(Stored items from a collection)
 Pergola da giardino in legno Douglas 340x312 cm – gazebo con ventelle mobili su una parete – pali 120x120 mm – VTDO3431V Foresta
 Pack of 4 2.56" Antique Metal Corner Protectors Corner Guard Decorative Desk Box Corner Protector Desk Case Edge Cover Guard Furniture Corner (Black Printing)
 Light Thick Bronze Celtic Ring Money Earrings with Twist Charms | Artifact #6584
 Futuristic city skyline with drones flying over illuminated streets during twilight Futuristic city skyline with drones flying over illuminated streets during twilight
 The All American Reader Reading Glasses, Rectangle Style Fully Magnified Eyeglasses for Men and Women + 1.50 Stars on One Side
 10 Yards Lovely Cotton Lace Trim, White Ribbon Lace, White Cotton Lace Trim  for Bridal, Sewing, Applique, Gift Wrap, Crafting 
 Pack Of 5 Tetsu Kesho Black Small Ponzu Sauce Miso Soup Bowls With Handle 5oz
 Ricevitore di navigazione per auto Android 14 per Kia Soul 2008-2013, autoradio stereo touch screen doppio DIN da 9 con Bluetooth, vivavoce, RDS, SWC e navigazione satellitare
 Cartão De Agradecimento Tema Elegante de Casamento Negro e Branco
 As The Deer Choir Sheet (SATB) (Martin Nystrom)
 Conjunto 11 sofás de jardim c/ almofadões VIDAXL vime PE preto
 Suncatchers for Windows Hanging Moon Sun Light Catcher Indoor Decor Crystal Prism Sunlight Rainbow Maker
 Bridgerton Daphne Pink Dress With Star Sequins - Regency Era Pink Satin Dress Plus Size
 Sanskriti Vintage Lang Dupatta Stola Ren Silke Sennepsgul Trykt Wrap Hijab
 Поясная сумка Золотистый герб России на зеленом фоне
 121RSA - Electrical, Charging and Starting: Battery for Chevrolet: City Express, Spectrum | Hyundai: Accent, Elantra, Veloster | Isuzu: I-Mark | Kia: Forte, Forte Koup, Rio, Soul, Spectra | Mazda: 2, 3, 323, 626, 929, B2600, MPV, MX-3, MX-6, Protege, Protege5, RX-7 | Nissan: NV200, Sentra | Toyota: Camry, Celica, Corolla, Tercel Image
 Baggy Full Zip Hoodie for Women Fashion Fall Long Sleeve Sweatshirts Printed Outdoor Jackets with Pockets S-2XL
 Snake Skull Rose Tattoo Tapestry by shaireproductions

▶ _Task details_
Set the records above down again, exactly as they read.

▶ _Solution to this exercise_
 Pergola da giardino in legno Douglas 340x312 cm – gazebo con ventelle mobili su una parete – pali 120x120 mm – VTDO3431V Foresta
 Pack of 4 2.56" Antique Metal Corner Protectors Corner Guard Decorative Desk Box Corner Protector Desk Case Edge Cover Guard Furniture Corner (Black Printing)
 Light Thick Bronze Celtic Ring Money Earrings with Twist Charms | Artifact #6584
 Futuristic city skyline with drones flying over illuminated streets during twilight Futuristic city skyline with drones flying over illuminated streets during twilight
 The All American Reader Reading Glasses, Rectangle Style Fully Magnified Eyeglasses for Men and Women + 1.50 Stars on One Side
 10 Yards Lovely Cotton Lace Trim, White Ribbon Lace, White Cotton Lace Trim  for Bridal, Sewing, Applique, Gift Wrap, Crafting 
 Pack Of 5 Tetsu Kesho Black Small Ponzu Sauce Miso Soup Bowls With Handle 5oz
 Ricevitore di navigazione per auto Android 14 per Kia Soul 2008-2013, autoradio stereo touch screen doppio DIN da 9 con Bluetooth, vivavoce, RDS, SWC e navigazione satellitare
 Cartão De Agradecimento Tema Elegante de Casamento Negro e Branco
 As The Deer Choir Sheet (SATB) (Martin Nystrom)
 Conjunto 11 sofás de jardim c/ almofadões VIDAXL vime PE preto
 Suncatchers for Windows Hanging Moon Sun Light Catcher Indoor Decor Crystal Prism Sunlight Rainbow Maker
 Bridgerton Daphne Pink Dress With Star Sequins - Regency Era Pink Satin Dress Plus Size
 Sanskriti Vintage Lang Dupatta Stola Ren Silke Sennepsgul Trykt Wrap Hijab
 Поясная сумка Золотистый герб России на зеленом фоне
 121RSA - Electrical, Charging and Starting: Battery for Chevrolet: City Express, Spectrum | Hyundai: Accent, Elantra, Veloster | Isuzu: I-Mark | Kia: Forte, Forte Koup, Rio, Soul, Spectra | Mazda: 2, 3, 323, 626, 929, B2600, MPV, MX-3, MX-6, Protege, Protege5, RX-7 | Nissan: NV200, Sentra | Toyota: Camry, Celica, Corolla, Tercel Image
 Baggy Full Zip Hoodie for Women Fashion Fall Long Sleeve Sweatshirts Printed Outdoor Jackets with Pockets S-2XL
 Snake Skull Rose Tattoo Tapestry by shaireproductions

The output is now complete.